I am an agent
December 16, 2010 § Leave a comment
Wordcount is a fascinating site. It presents a searchable corpus of 88 odd thousand words in English ranked with respect to frequency. The data is based on the British National Corpus whch is made from both written and spoken texts of all types. Wordcount includes all words that appear there twice. Being obsessed with pronouns, I had a look through their stats:
Of course it is not so easy to compare these forms. The leftmost column contains subject forms, but of course, the form you is an extreme multitasker. Without context it can be singular or plural, it can be subject or object, or be governed by a preposition. Likewise, the second column is largely those that are object/oblique forms (i.e. follow a pronoun), but her does all that and takes care of possession too.
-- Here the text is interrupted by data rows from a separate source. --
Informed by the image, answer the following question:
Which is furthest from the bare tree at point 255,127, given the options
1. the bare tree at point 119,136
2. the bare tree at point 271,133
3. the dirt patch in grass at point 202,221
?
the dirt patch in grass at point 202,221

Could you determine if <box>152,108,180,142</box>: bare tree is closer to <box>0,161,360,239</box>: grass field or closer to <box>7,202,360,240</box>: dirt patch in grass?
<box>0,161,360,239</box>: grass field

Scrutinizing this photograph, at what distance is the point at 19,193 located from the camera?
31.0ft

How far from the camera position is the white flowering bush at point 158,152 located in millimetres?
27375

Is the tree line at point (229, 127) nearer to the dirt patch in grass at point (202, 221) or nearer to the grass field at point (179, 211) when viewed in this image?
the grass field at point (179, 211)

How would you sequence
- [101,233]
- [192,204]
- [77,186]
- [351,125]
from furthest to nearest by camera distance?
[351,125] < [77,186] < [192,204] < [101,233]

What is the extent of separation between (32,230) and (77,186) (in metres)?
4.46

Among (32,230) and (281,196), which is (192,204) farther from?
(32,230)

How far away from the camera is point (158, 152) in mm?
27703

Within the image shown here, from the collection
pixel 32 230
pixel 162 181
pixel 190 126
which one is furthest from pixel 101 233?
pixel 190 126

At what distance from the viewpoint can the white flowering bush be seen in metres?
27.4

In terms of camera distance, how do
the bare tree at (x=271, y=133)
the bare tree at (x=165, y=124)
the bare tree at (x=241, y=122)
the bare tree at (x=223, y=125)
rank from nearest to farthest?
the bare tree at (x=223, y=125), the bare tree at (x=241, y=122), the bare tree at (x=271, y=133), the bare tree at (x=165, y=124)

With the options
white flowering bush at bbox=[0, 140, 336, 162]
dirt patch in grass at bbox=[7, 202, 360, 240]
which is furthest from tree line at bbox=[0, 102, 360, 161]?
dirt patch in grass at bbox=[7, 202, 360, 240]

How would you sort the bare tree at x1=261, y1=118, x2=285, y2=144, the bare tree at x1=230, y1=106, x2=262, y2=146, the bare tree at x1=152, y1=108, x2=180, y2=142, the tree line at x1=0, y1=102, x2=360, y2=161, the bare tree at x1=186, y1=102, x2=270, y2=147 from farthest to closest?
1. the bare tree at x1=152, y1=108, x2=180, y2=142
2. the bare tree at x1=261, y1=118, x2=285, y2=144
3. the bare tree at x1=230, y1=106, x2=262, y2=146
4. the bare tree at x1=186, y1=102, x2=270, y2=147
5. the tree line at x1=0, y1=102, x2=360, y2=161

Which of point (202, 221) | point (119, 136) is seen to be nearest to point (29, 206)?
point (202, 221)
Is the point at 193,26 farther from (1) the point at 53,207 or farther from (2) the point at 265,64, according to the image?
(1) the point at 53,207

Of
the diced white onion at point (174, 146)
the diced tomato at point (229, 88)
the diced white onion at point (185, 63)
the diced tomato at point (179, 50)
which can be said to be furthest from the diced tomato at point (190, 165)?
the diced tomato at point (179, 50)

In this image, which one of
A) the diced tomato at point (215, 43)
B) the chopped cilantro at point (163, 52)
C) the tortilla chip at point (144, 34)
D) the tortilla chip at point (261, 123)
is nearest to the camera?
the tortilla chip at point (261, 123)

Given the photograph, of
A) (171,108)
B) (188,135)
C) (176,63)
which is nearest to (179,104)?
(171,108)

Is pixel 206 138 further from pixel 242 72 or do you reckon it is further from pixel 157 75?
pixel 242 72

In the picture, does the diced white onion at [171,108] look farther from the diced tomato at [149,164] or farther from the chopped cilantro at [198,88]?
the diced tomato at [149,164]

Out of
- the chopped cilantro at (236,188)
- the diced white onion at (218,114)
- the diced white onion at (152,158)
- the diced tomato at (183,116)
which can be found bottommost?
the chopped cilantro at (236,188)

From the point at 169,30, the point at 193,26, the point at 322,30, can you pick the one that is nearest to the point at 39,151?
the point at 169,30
We also have to remember that when writing or speaking about ourselves, we really have little other choice than selecting the appropriate first person pronoun, as it is not deemed appropriate to speak of ourselves in the first person, and only restricted genres such as academic text types to select a commoun noun as our reference ….. the author of this study, their also limited ways of avoiding second person pronouns. This would account for the high rank of you especially given its polysemy. We can only exchange this pronoun for proper nouns when managing reference. Third person pronouns are more likely to be used interchangeably with full noun phrases, so the ranking of he as 15 masks the fact that the proportion of subjects which are third person is probably much higher than first and second. It is interesting to note though that when pronouns are used as subjects in the the third person, such subjects tend to be masculine. Women being talked about seem far less likely to be in subject position! (And are perhaps talked about as objects of both verbs and prepositions and perhaps possessors by the looks of it.) The opposite appears to be true for first person in that the subject form far outweighs the non-subject form me. Our preference for talking about ourselves as subjects suggests that we see ourselves as agents and experiencers (of cognitive verbs) more than objects worked upon by others.